Based on evidence that "the wrench was defective in that it was worn and would not hold", the Supreme Court ruled that the jury could reasonably have found that the defect in the wrench was a substantial factor in producing the plaintiff's injury." Minicozzi v. Atlantic Refining Co., 143 Conn. 226, 231 (1956). The evidence of record reasonably supports the factual predicates of the answers to interrogatories and verdicts returned.
Defendants recite quotations of various witnesses and CT Page 6704 present them as factual predicates to foster their theories regarding causation, credibility, sufficiency of evidence and conclusions by the jury.
"Question regarding the existence of a causal link classically are reserved for determination by the trier of fact."
Sharp v. Wyatt, Inc., 31 Conn. App. 824, 835 (1993).
Here, again, the evidence must be weighed in its entirety, and judged by its total effect rather than by its individual component parts.
The jury found that: (1) Mr.
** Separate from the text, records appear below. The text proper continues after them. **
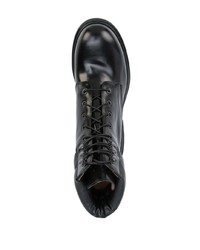 schwarze Lederfreizeitstiefel von Maison Margiela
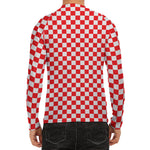 Red And White Checkered Pattern Print Men's Long Sleeve Rash Guard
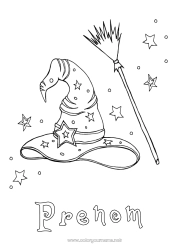 Dessin gratuit Balai Sorcière Halloween Épiphanie Chapeau Befana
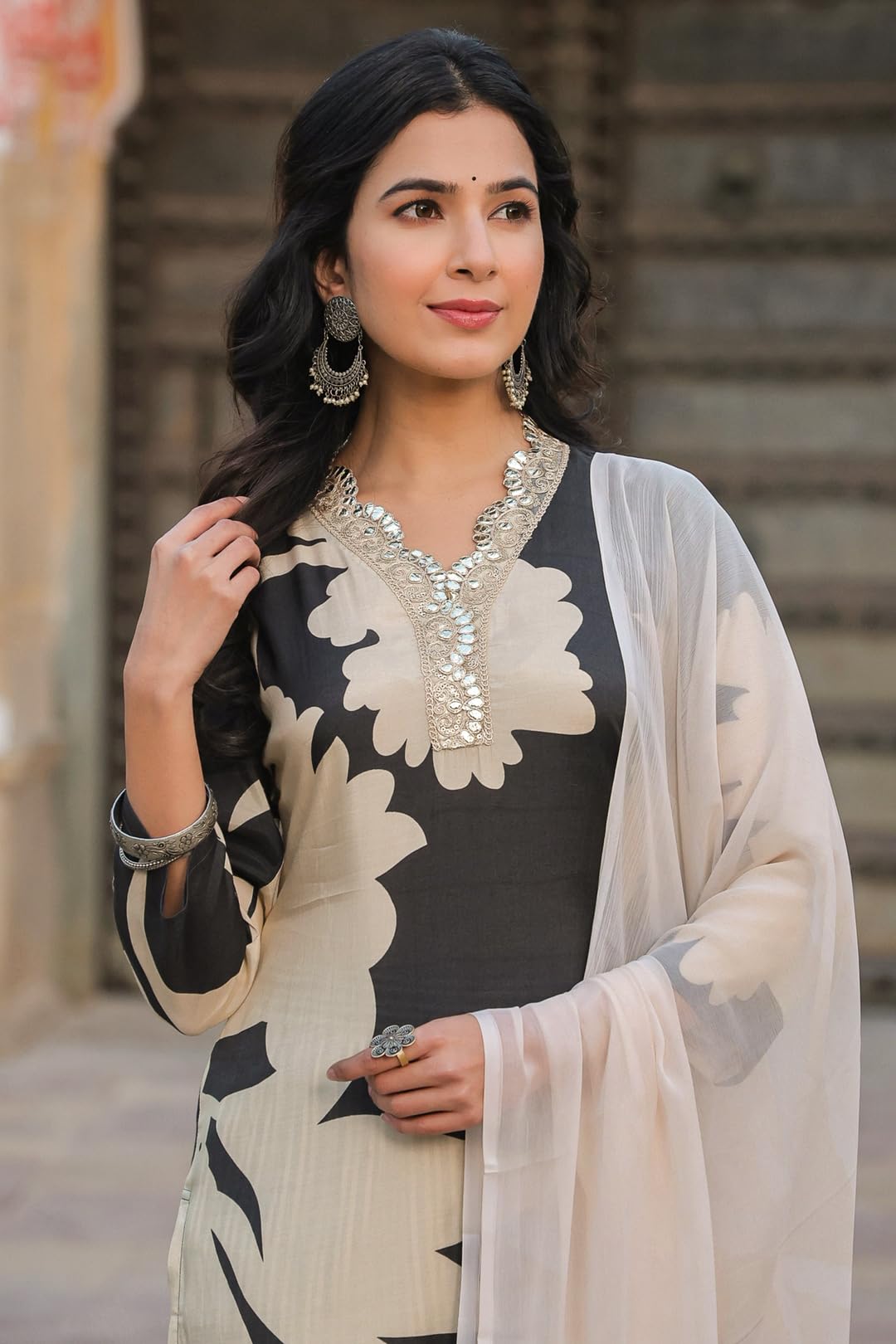 Anni Designer Women'S Cotton Blend Straight Printed Kurta With Pant & Dupatta (5Jee Black_3Xl_Blue_Xxx-Large),Black,3XL,Cotton Blend,5jee Black_1376,Kurta, Scarf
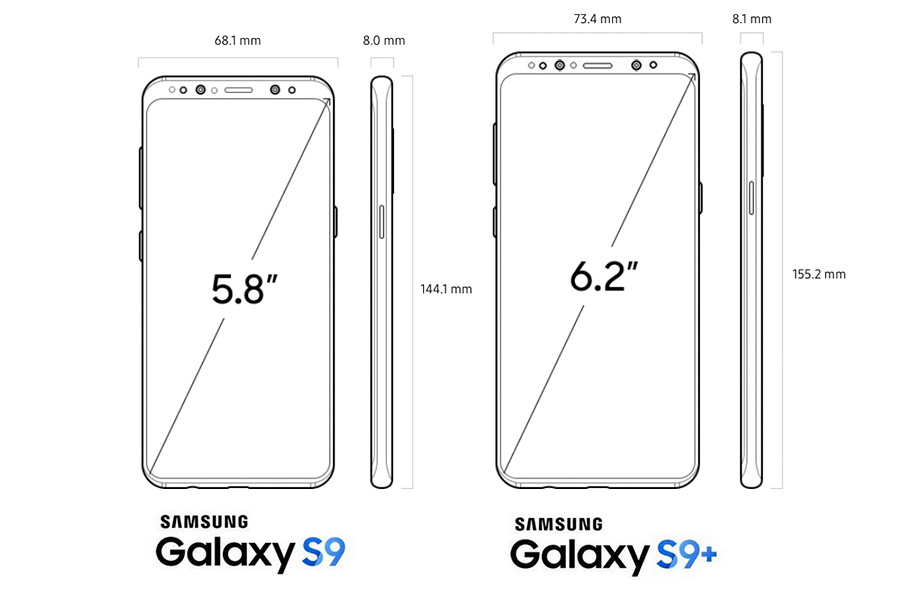 Размеры Samsung Galaxy S9 и S9 Plus: чуть меньше предшественников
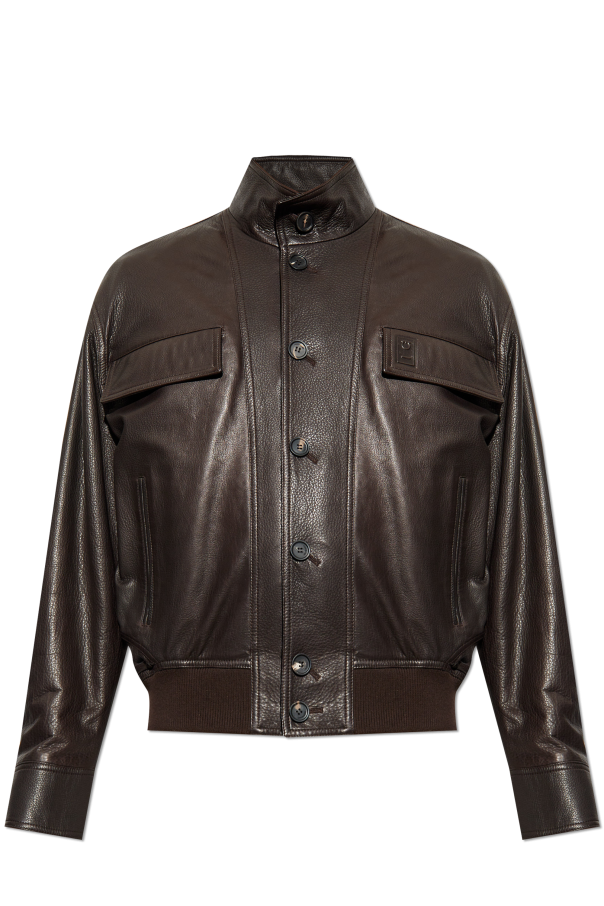 FERRAGAMO Leather jacket with stand-up collar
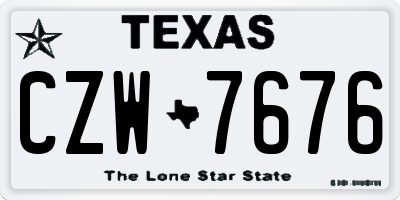 TX license plate CZW7676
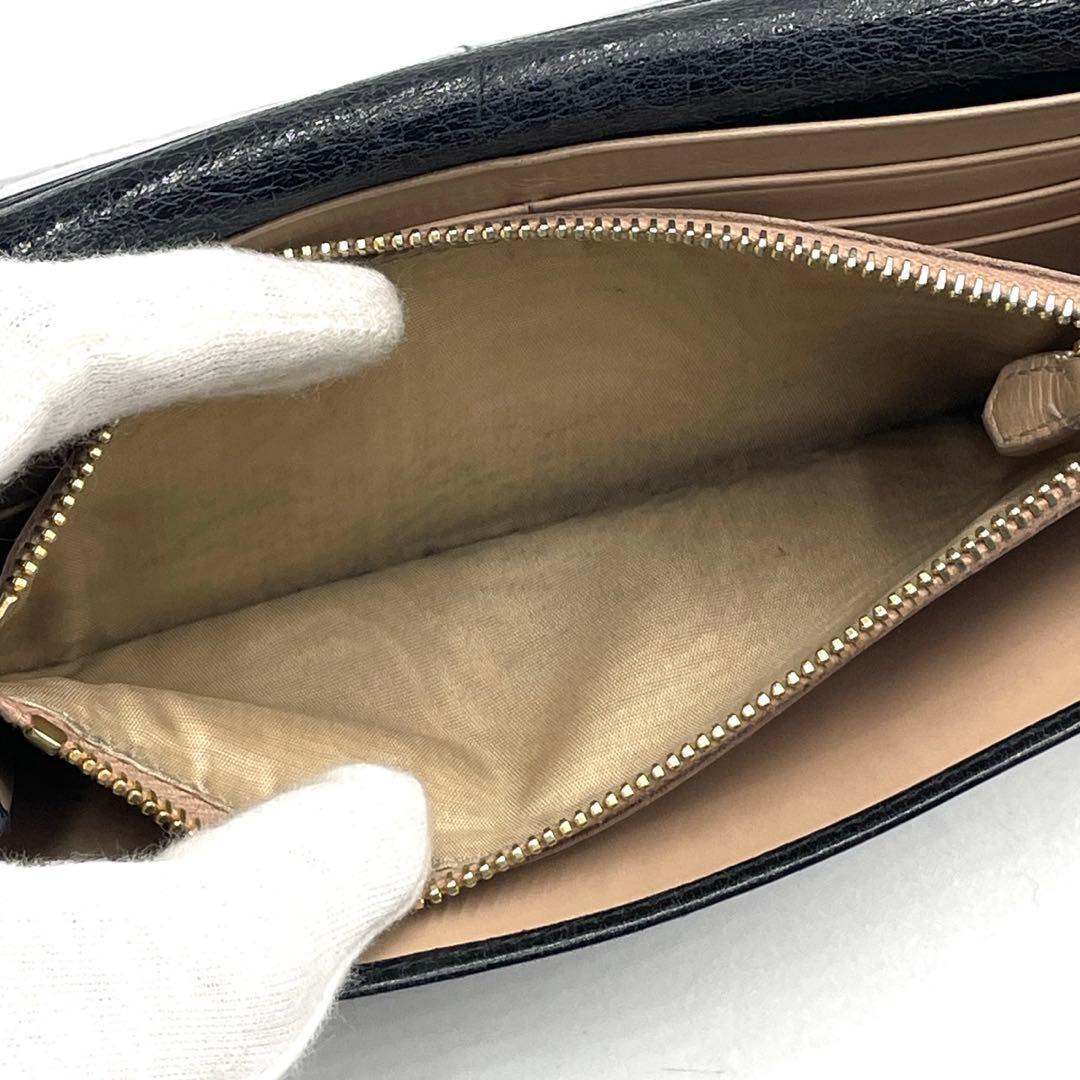 極美品● PRADA プラダ 長財布 二つ折り シワ加工 ブラック レザー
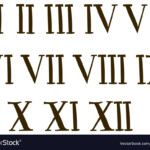 Antique Roman Alphabet Numbers Set Royalty Free Vector Image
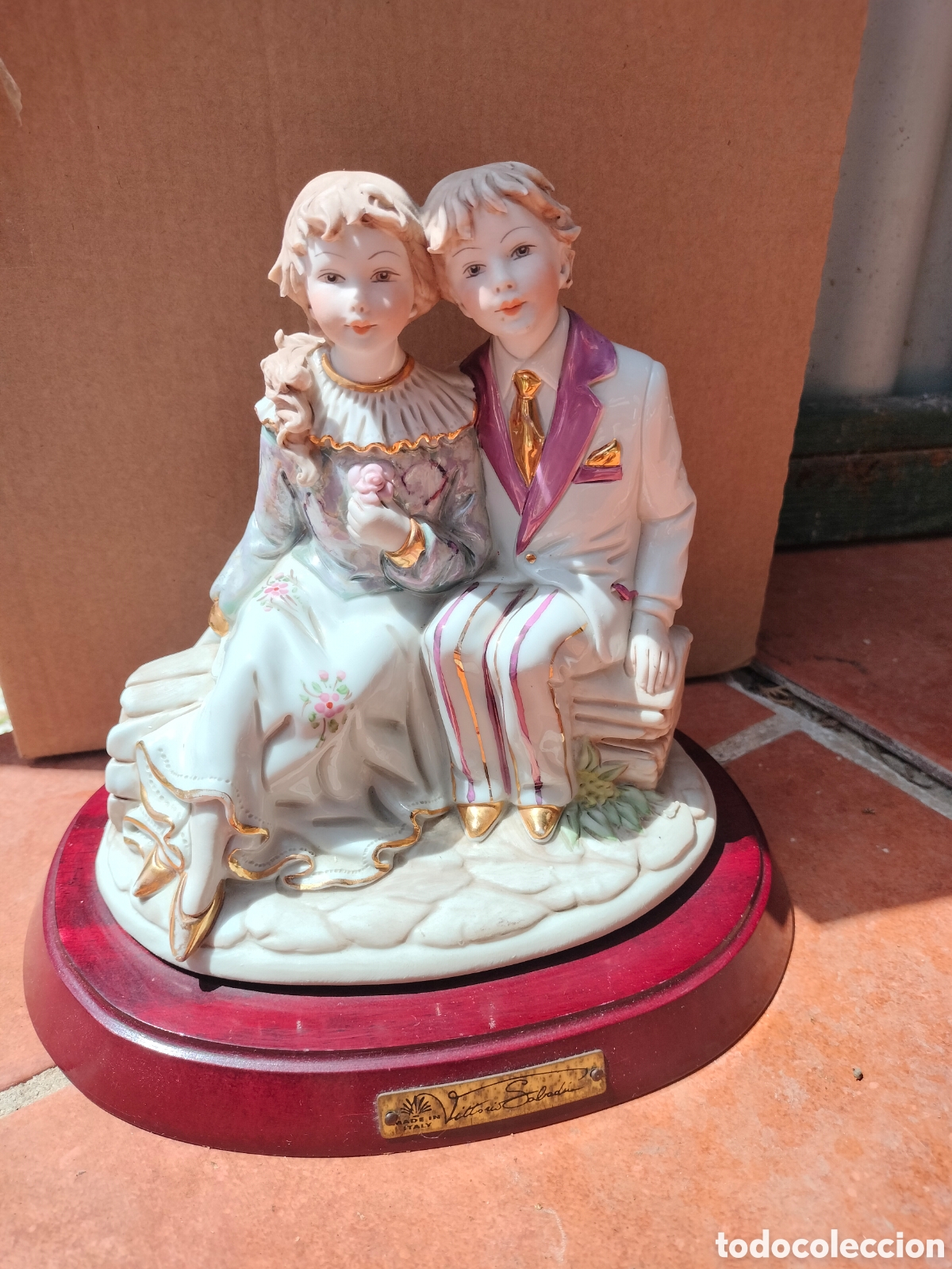 Antig&uuml;edades: FIGURA VINTAGE ITALIA DE PORCELANA VITTORIO SABADIN DISE&Ntilde;O PINTADO A MANO EN ORO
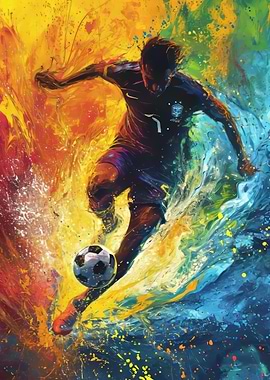 Dynamic Soccer Player Art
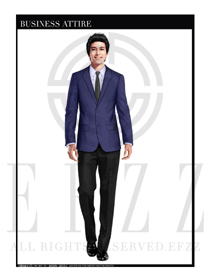 時尚藍色男職業裝西服制服設計圖388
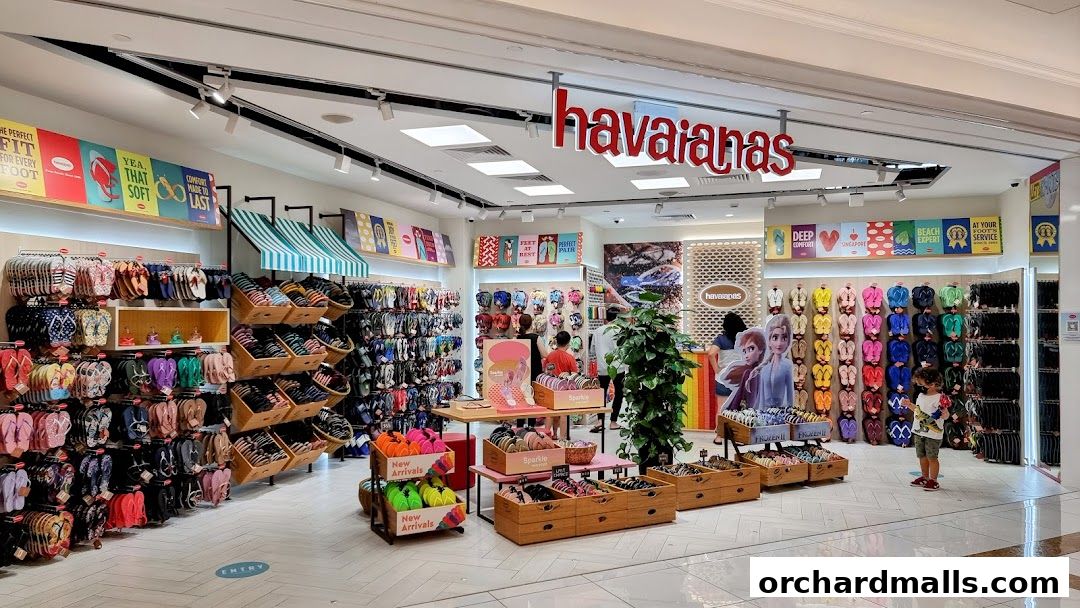 A Havaianas store interior showcasing a wide variety of colorful flip-flops and sandals.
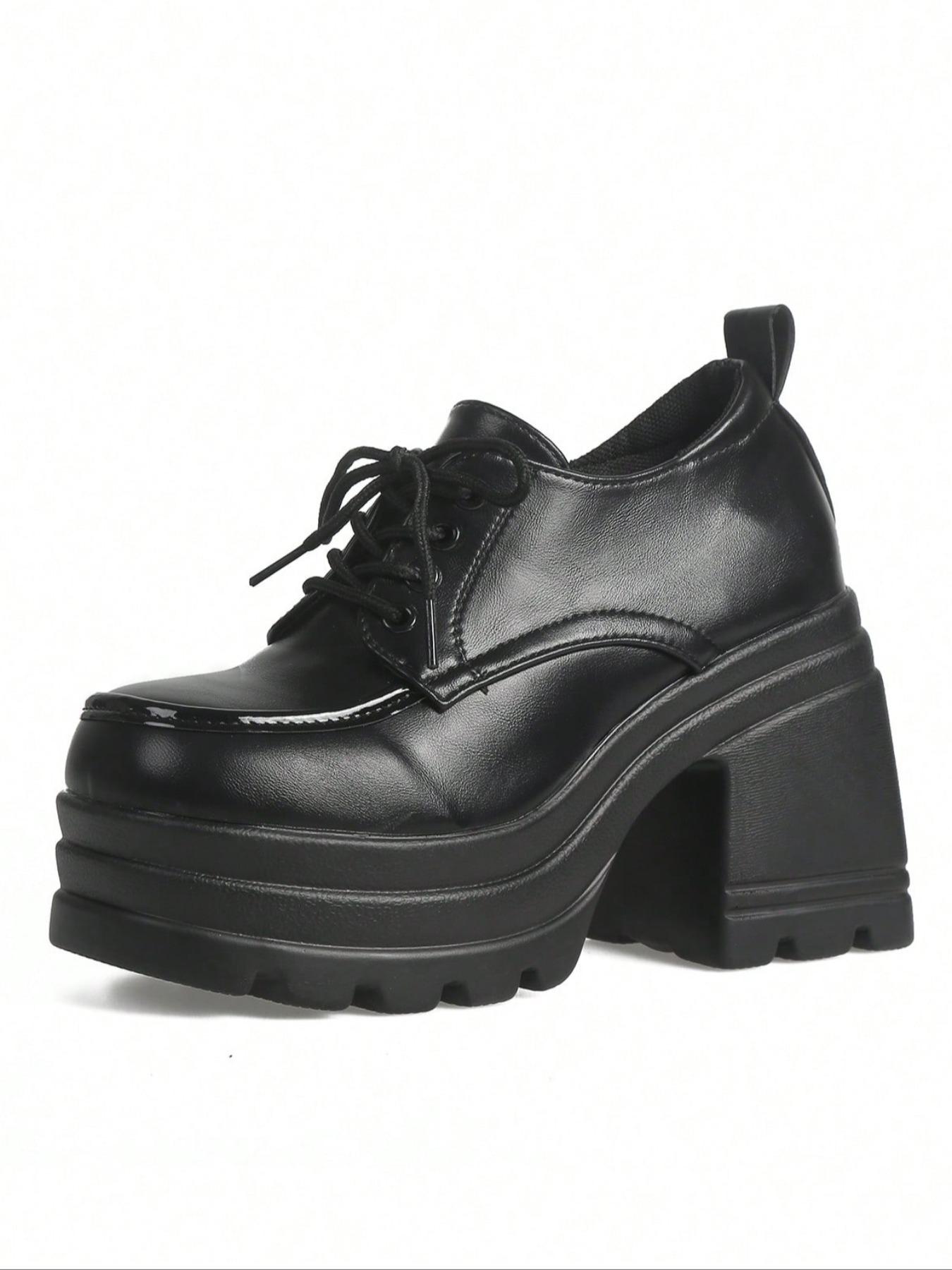 Women's Fashionable Lace Up Platform Shoes, Casual Comfortable Thick Sole Shoes for Daily Wear, Female All-match Trend Shoes for Daily Wear, Girl, Elegant Heeled Shoes, Platform Heels, High Heel Shoes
Leifer knew or reasonably should have foreseen that the Engs would assume personal financial liability as regards the loan with Union Trust, (2) that the Engs suffered $71,000.00 damages because of the breach of the duty of good faith and fair dealings, and (3) that punitive damages are appropriately founded on the breach of the duty of good faith and fair dealings. (Interrogatories 5, 10(b) and 11).
The charge stated:
"With respect to the duty of good faith and fair dealings the plaintiffs have also sought punitive damages for the breach of this obligation. If you find that the defendants did breach this duty you are instructed that while punitive damages are generally not available in an ordinary breach of contract case they might be available if you find that the defendants' actions were motivated by bad faith. In this case, should you find that there was a breach of this duty of good faith and fair dealings you should evaluate whether the plaintiffs have also proven a wreckless indifference on the part of the defendant or an intentional and wanton violation of these rights. In other words, was the breach of this duty aggravated by particularly egregious conduct on the part of the defendants. Should you find that punitive damages are appropriate the amount of such damages will be set by the Court." CT Page 6705
The above quotation properly instructed the jury to "evaluate" the issue of fact framed by the pleadings and evidence with respect to "the duty of good faith and fair dealings".
It is the duty of this court to accept the findings of the jury as above stated and to sustain this verdict as returned absent proper cause or reason to interfere.
The jury found that (1) the defendants engaged in unfair and deceptive practices, (2) that the Engs were individually harmed by these unfair and deceptive practices, and (3) that the amount of damages that were suffered by Wayne and Susan Eng (having found that the defendants engaged in unfair and deceptive practices) amounted to $52,000.00. (Interrogatories 6, 8 and 12(B)).
Defendants claim that no basis exists for finding CUTPA liability. The trial court concluded that the plaintiff had stated a cause of action under CUTPA because of the broad sweep of CUTPA's coverage of unfair or deceptive acts or practices "in the course of any trade or commerce". See Russell v. Dean Witter Reynolds, Inc., 200 Conn. 172, 177 (1986).
No case law has been cited to exclude the facts of this case from the application and coverage of CUTPA.
Favorable construction must be accorded to jury findings absent a mistake of law or some other valid basis for refuting the result other than a difference of opinion regarding the conclusions to be drawn from the evidence. If there is a reasonable basis in the evidence for the jury's verdicts, courts should let the jury work its will.
The claims of the defendants to (1) set aside the verdicts, and (2) for judgment notwithstanding the verdicts as (1) against the evidence, (2) contrary to the law, and (3) as excessive, are denied and the court finds that the jury could reasonably and logically reach their conclusions as set forth in the interrogatories and verdicts returned.